The primary purposes of seeing a therapist (or counselor, I use the terms interchangeably) can be distilled down into finding freedom and learning about one’s self.

The Hebrew word for prayer is tefilah. It is derived from the root Pe-Lamed-Lamed and the word l’hitpalel, meaning to judge oneself. This surprising word origin provides insight into the purpose of Jewish prayer. The most important part of any Jewish prayer, whether it be a prayer of petition, of thanksgiving, of praise of God, or of confession, is the introspection it provides, the moment that we spend looking inside ourselves, seeing our role in the universe and our relationship to God.

In Christianity and Catholicism, St. Ignatius of Loyola developed the now-ancient practice known as the Prayer of Examen. This prayer involves reflecting on the previous day’s events, becoming aware of God’s presence in them, reviewing the day with gratitude, paying attention to one’s moods and emotions, choosing something about the previous day and praying on it. This practice forces a person to slow down and process events, how they responded, where God is present, and begin to understand one’s triggers, sin, success, fears, etc.

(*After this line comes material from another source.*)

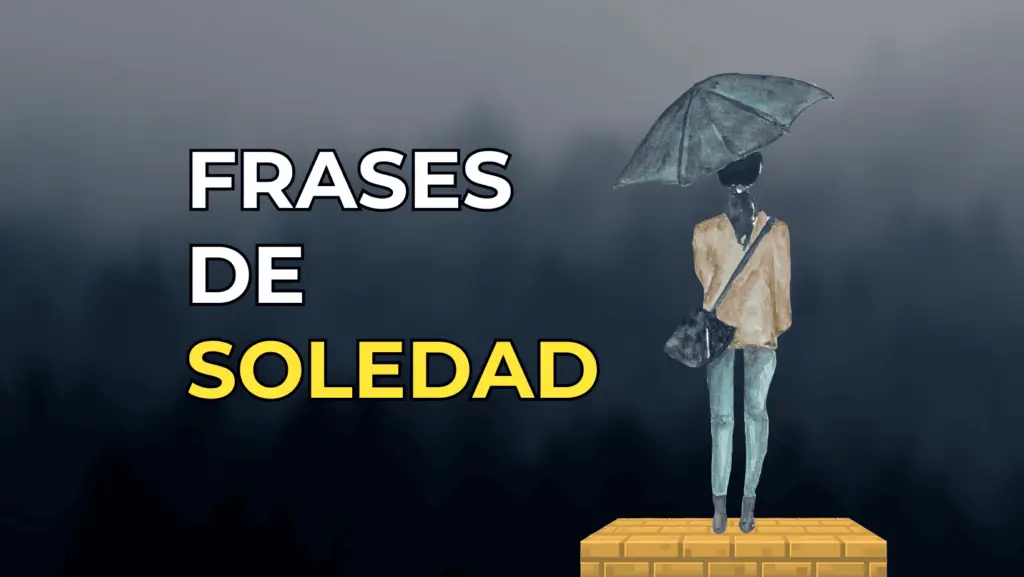 Frases de soledad que Te Harán Reflexionar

So much of what I do with clients involves helping them to learn about who they are, which is part of the process of growing and living a fulfilling life. God created each of us with specific talents, skills, gifts, and personality quirks to bless others and further his kingdom. So many of us do not take the time to learn about who we are and what makes us tick. Often, it’s easy to pursue the positive traits we have (I have the gift of teaching, I think this way, I’m good at this). What’s harder is taking the time and often painful effort to discover what fears we have, what lies we believe, what we actually like and dislike, and what our priorities are. Similarly, it is default for many people to simply take on the traits/likes/propensities of those around rather than discover what they are all about and who they are.

Self-awareness is a very key piece in learning how to live a fulfilling life. We are constantly growing in to who God created us to be. He gave us an identity, and we ought to give ourselves the space to discover what that is. If we are created for painting, and all we do is go to museums, we are wasting our talents and living in a space of longing and grief that does not have to be reality. Knowing thyself helps us to see our role with others, this world, and with our God. It is a process that can bring up painful feelings and memories, but will ultimately allow one to live with more clarity, peace, and be a rich blessing to others.